The large amount of short read data that has to be assembled in future applications, such as in metagenomics or cancer genomics, strongly motivates the investigation of disk-based approaches to index next-generation sequencing (NGS) data. Positive results in this direction stimulate the investigation of efficient external memory algorithms for de novo assembly from NGS data. Our article is also motivated by the open problem of designing a space-efficient algorithm to compute a string graph using an indexing procedure based on the Burrows-Wheeler transform (BWT). We have developed a disk-based algorithm for computing string graphs in external memory: the light string graph (LSG). LSG relies on a new representation of the FM-index that is exploited to use an amount of main memory requirement that is independent from the size of the data set. Moreover, we have developed a pipeline for genome assembly from NGS data that integrates LSG with the assembly step of SGA (Simpson and Durbin, 2012 ), a state-of-the-art string graph-based assembler, and uses BEETL for indexing the input data. LSG is open source software and is available online. We have analyzed our implementation on a 875-million read whole-genome dataset, on which LSG has built the string graph using only 1GB of main memory (reducing the memory occupation by a factor of 50 with respect to SGA), while requiring slightly more than twice the time than SGA. The analysis of the entire pipeline shows an important decrease in memory usage, while managing to have only a moderate increase in the running time.

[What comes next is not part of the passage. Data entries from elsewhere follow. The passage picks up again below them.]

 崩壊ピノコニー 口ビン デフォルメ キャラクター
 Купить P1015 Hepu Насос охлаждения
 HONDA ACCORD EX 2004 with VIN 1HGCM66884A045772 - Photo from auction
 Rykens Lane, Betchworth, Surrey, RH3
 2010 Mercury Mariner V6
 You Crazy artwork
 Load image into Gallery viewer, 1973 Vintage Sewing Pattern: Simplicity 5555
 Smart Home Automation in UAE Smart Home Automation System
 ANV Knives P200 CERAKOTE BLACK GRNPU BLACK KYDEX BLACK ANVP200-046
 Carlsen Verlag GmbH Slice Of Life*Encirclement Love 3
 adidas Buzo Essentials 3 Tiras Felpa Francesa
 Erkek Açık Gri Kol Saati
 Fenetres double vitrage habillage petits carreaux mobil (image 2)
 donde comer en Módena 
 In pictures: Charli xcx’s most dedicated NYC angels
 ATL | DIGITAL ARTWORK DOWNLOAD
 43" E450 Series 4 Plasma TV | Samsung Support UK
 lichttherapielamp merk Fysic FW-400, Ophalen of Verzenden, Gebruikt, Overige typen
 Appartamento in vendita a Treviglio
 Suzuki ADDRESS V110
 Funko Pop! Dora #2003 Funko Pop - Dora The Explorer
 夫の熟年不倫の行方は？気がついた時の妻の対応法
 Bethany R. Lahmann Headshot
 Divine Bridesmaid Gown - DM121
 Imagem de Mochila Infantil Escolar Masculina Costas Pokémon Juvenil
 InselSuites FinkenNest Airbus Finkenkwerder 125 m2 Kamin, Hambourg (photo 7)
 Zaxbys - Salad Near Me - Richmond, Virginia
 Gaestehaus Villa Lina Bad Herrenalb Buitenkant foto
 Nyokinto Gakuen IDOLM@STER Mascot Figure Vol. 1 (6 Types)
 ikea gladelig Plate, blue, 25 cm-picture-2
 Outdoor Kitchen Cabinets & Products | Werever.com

在未来的应用中,如宏基因组学或癌症基因组学,需要组装大量的短读长数据,这有力地推动了对基于磁盘的方法来索引下一代测序(NGS)数据的研究。在这个方向上取得的积极成果激发了对从NGS数据进行从头组装的高效外部存储算法的研究。我们的文章还受到一个开放问题的启发,即设计一种空间高效的算法,使用基于Burrows-Wheeler变换(BWT)的索引过程来计算字符串图。我们开发了一种在外部存储中计算字符串图的基于磁盘的算法:轻量级字符串图(LSG)。LSG依赖于FM索引的一种新表示形式,利用这种表示形式可以使主内存需求与数据集大小无关。此外,我们还开发了一个用于从NGS数据进行基因组组装的流程,该流程将LSG与SGA(Simpson和Durbin,2012)的组装步骤集成在一起,SGA是一种基于字符串图的先进组装器,并使用BEETL对输入数据进行索引。LSG是开源软件,可在线获取。我们在一个包含8.75亿条读段的全基因组数据集上分析了我们的实现,在该数据集上,LSG仅使用1GB主内存构建了字符串图(相对于SGA,内存占用减少了50倍),而所需时间仅比SGA多两倍多一点。对整个流程的分析表明,内存使用量显著减少,同时运行时间仅适度增加。